Columbus officer racks up $8,000 in overtime in 4 months
Published 2:01 pm Monday, May 21, 2018
COLUMBUS, Miss. (AP) — A Mississippi newspaper finds that a police investigator has been paid for 338 hours of overtime this year, including some as the mayor’s driver.
The Commercial Dispatch reports that a public records request disclosed that Investigator Reginald Adams was paid almost $8,000 for overtime between Jan. 1 and May 1. That’s in addition to Adams’s regular pay of more than $13,000.
The newspaper’s review shows the time included a February trip in which he drove Columbus Mayor Robert Smith and a City Planner George Irby to a Federal Home Loan Bank conference on affordable housing in New Orleans.
Receipts show the city paid $183.57 for Adams to stay in a hotel room and that he, Smith and the planner partook of a meal at Morton’s Steakhouse that cost the three of them more than $250 combined. Smith signed the restaurant receipt.
Smith wrote in an email that City Council members approved travel for himself and Irby and he then added Adams without council approval after asking Police Chief Fred Shelton if an officer could drive them.

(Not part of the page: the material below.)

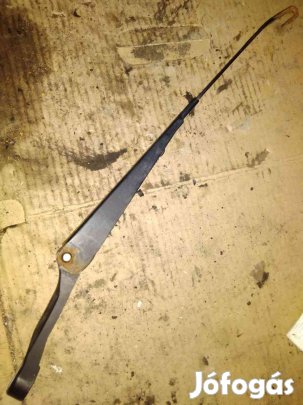 Volkswagen Caddy 95-02 Bal Első Ablaktörlő Kar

“As the chief executive officer of the city, I have the authority to decide who goes on official city trips and this trip falls under that authority,” Smith wrote.
The newspaper’s review shows Adams’ overtime outpaces other investigators. The next highest investigator recorded 194 hours of overtime during the same four-month period. Adams shifted from patrol officer to investigator shortly after Shelton became police chief in January.
Adams has been asked to perform other special tasks as well.
Shelton previously confirmed that he asked Adams in the early morning hours of March 9 to go to Starkville in an unmarked police unit and pick up part-time patrol officer Louis Alexander, who Starkville police had stopped for driving drunk.
Starkville police did not ticket Alexander, although Columbus council members later suspended him for 16 working days.
City Councilman Joseph Mickens questioned the trip.
“I have some concerns about that,” he said. “I mean, Robert and George can both drive. Why did they need (Adams)?”
Councilman Bill Gavin, though, expressed little concern.
“We’ve always had a lot of overtime in (criminal investigation), so this is not the first time,” Gavin said. “And I know the mayor has taken other employees as drivers on trips in the past, especially when it’s in a bigger city.”